Phillip Island, 4,4 km, 12 Kurven: Mit 1:30,189 min schnappte sich Marc Márquez am 22. Oktober auf auftrocknender Strecke die Pole-Position. Die schnellste Rennrunde fuhr Cal Crutchlow mit 1:29,494 min. Die Superpole-Zeit von Sykes lag bei 1:30,020 min, die schnellste Rennrunde von Rea am 28. Februar bei 1:31,386 min. Damit war auf Phillip Island Pole-Zeit der Superbike-WM um 0,169 sec schneller als jene der MotoGP. Im Rennen war MotoGP-Fahrer Crutchlow 1,892 sec schneller als der beste Superbike-Pilot.

Doch warum kommt es manchmal zu so knappen Zeitabständen zwischen Superbike und MotoGP wie beim Jerez-Test? Der Vorteil der MotoGP-Maschine durch mehr Leistung wirkt sich in der Praxis wegen der besseren Fahrbarkeit der Superbike-Motoren aufgrund ihres zivileren Drehmomentverlaufs kaum aus. Außerdem sind die jeweiligen Reifen sehr wichtig.

Der Topspeed-Vorsprung von bis zu 30 km/h und die bessere Beschleunigung der MotoGP-Bikes schlagen sich in den Rundenzeiten ebenfalls kaum nieder. Denn erst in der Beschleunigungsphase am Kurvenausgang, wenn die Maschine schon fast wieder aufgerichtet ist und auf den Geraden verlieren die Superbikes an Boden.
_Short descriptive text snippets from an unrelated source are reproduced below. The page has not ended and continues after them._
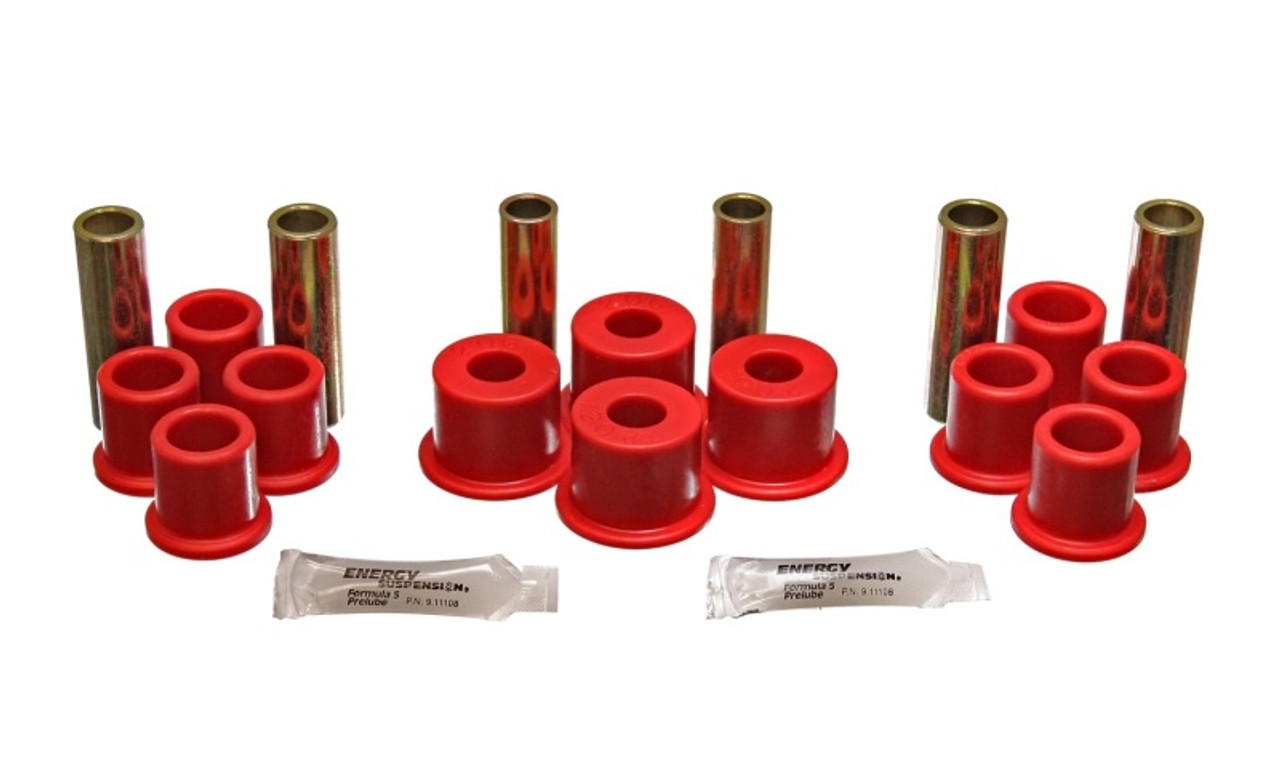 Energy Suspension 8/81-96 Ford F100/F150 2WD Red Rear Leaf Spring Bushing Set - 4.2122R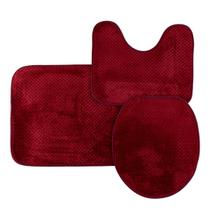 Jogo De Banheiro Antiderrrapante 03 Pçs Soft Macio Ponto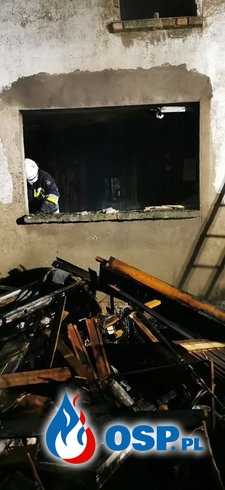 Pożar domu w Wysokiej. Ranny lokator. OSP Ochotnicza Straż Pożarna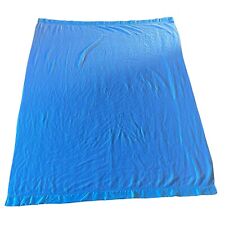 Vintage Stevens-Utica Light Blue Blanket USA Made Satin Feel Trim 83 X 67.5 IN picture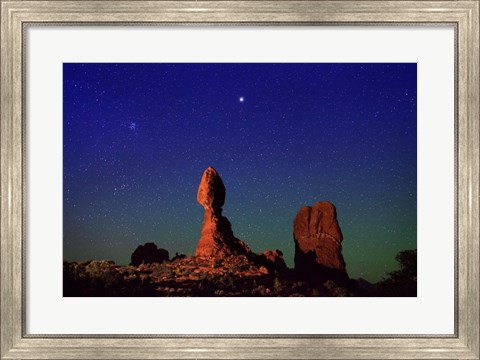 Framed Stars over Balanced Rock Print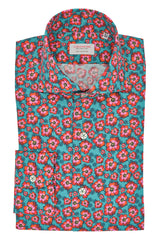 Hawaii Shirt Floral Green - Italian Cotton - Handmade in Italy
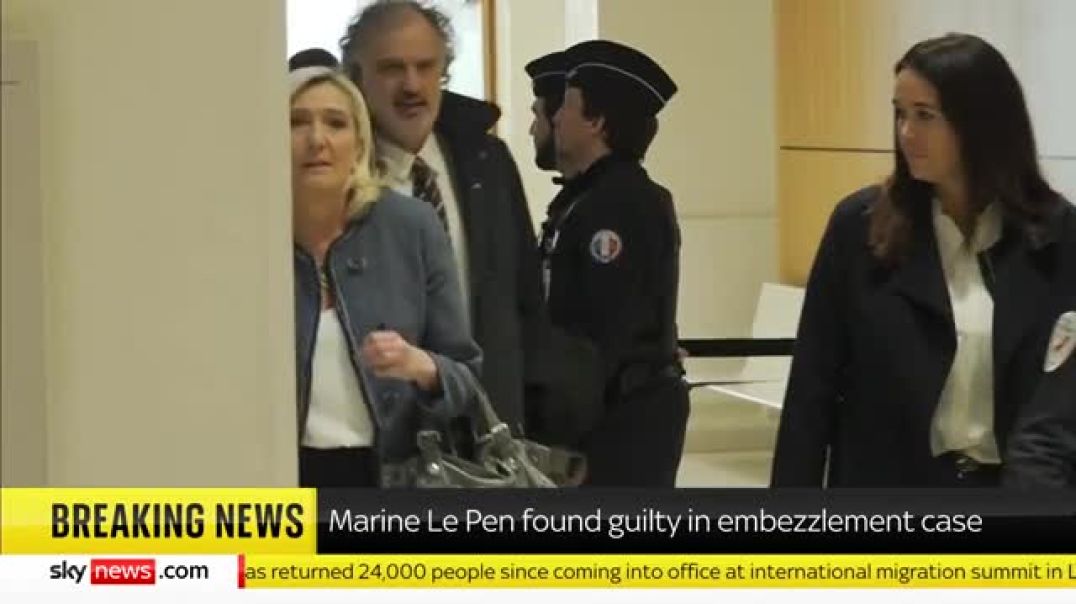 JUST IN - Marine Le Pen found guilty in embezzlement trial.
Die Volllast-Phasen, in denen die Piloten den Gasgriff bis zum Maximum aufziehen, sind auf vielen Strecken kürzer und seltener, als es scheint. Die Superbike-Elektronik und die MotoGP-Einheitselektronik machen auch kaum einen Unterschied, sie befinden sich wohl auf einem ähnlichen Level.

Im direkten Vergleich während eines Rennens wäre es ohnehin schnell vorbei mit den Vorteilen der Superbike-Piloten. Sie könnten die bessere Fahrbarkeit bei Teillast nicht nutzen, da die MotoGP-Maschinen auf den Geraden davonziehen und den Superbikes hinter ihnen in den Kurven dann ihre Fahrdynamik aufzwingen.

Auch Stefan Bradl hat eine einleuchtende Erklärung für die starken Superbike-Zeiten beim Jerez-Test: «Das war in Jerez in der Vergangenheit auch schon so. Diesmal kam dazu, dass die Bedingungen nicht so perfekt waren. Es war kühl und teilweise nass. Die Pirelli-Qualifyer bringen eine Sekunde. Außerdem war es in Jerez nicht besonders warm. Die Michelin haben bei solchen Temperaturen vielleicht nicht denselben Grip wie die Pirelli. Michelin hat erstens keinen Qualifyer, zweitens sind das hitzebeständige Reifen mit relativ harten Compounds. Es gibt vielleicht 30 PS Unterschied, und die kommen beim gleichen Hubraum erst bei hohen Geschwindigkeiten zum Tragen. Dann fährst du halt in Aragón mit 330 km/h über die Gerade runter, mit dem Superbike mit 312 km/h. In den unteren drei Gängen bringst du die zusätzliche Leistung ohnedies kaum auf die Fahrbahn. Du hast keinen Grip, du hast Wheelspin.»